Apple filed its motion to vacate on Thursday. The Cupertino, Calif., iPhone maker is arguing that the government is employing too broad an interpretation of the All Writs Act, which can compel companies to turn over consumer information to law enforcement, and asking it to write code that violates its own corporate views on privacy and security.
The Electronic Frontier Foundation is among those planning to file an amicus brief, which refers to an unsolicited "friend of the court" opinion.
"The U.S. government wants us to trust that it won't misuse this power," reads a statement on the EFF's website. "But we can all imagine the myriad ways this new authority could be abused. Even if you trust the U.S. government, once this master key is created, governments around the world will surely demand that Apple undermine the security of their citizens as well."
Also planning to file are the American Civil Liberties Union, whose staff attorney Alex Abdo said in a statement that "the government's request also risks setting a dangerous precedent. If the FBI can force Apple to hack into its customers' devices, then so too can every repressive regime in the rest of the world."
Amnesty International is taking similar action, echoing pro-Apple sentiments from the likes of NSA-data whistleblower Edward Snowden, Facebook founder Mark Zuckerberg and Google CEO Sundar Pichai.
Meanwhile, the public at large appears evenly divided on the matter according to a number of polls.

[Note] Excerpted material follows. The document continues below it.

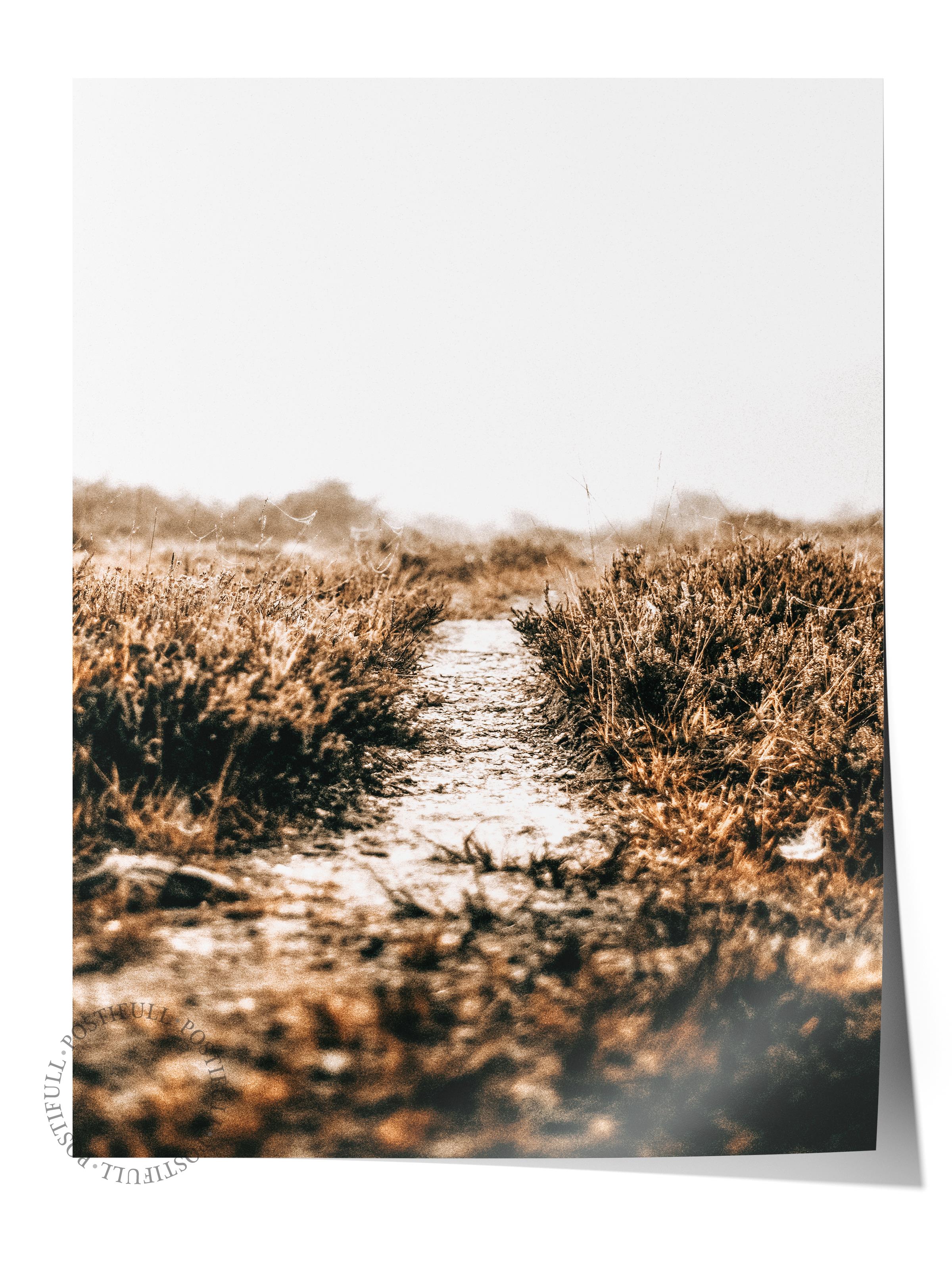 Rustic Çerçevesiz Poster, İskandinav Kahverengi Poster, NO:457 Patika Fotoğraf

Some support the government's efforts to track terrorists by any means necessary, while others wonder about the slippery slope created by federal officials having unfettered access to personal information.

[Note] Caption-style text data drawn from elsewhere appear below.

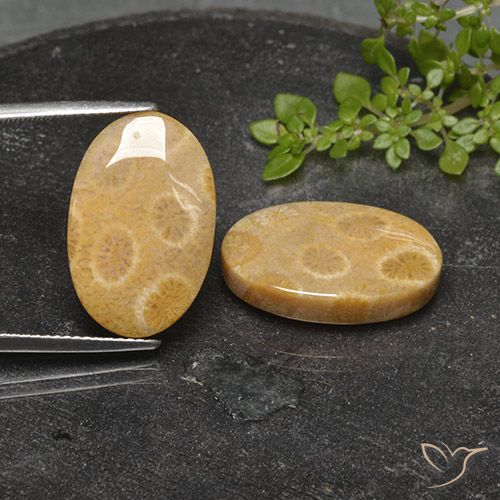 22.26ctw Naturale Multicolore Corallo fossile, Ovale, Opaco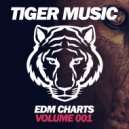 Max Bolotov - Future Mind (Original Mix)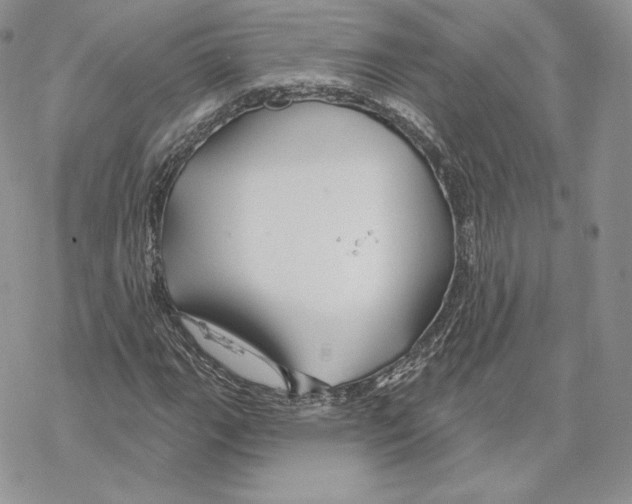 X0000069361111200606091554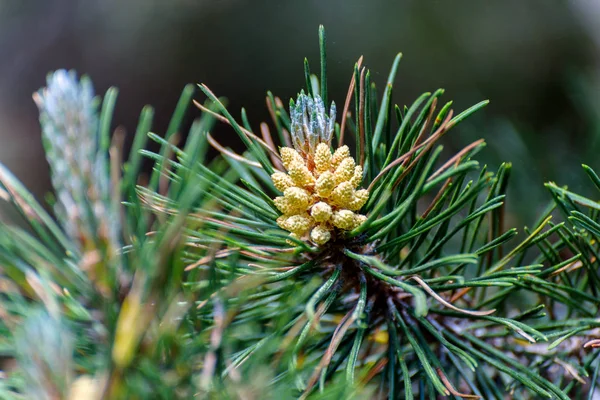 Cono de pino en Andorra . — Foto de Stock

Smith's testimony made effective use of a prop from a century ago: an adding machine. In noting that the All Writs Act, which has allowed the government to get assistance from private companies in pursuit of criminal activities, was written in 1911, Smith said that the leading technological device in that time "is right here in front of me."
He added, "Put simply, we do not believe that courts should seek to resolve issues of 21st-century technology with law that was written in the era of the adding machine. We need 21st-century laws that address 21st-century technology issues. And we need these laws to be written by Congress. We, therefore, agree wholeheartedly with Apple that the right place to bring this discussion is here, to the House of Representatives and the Senate so the people who are elected by the people can make these decisions."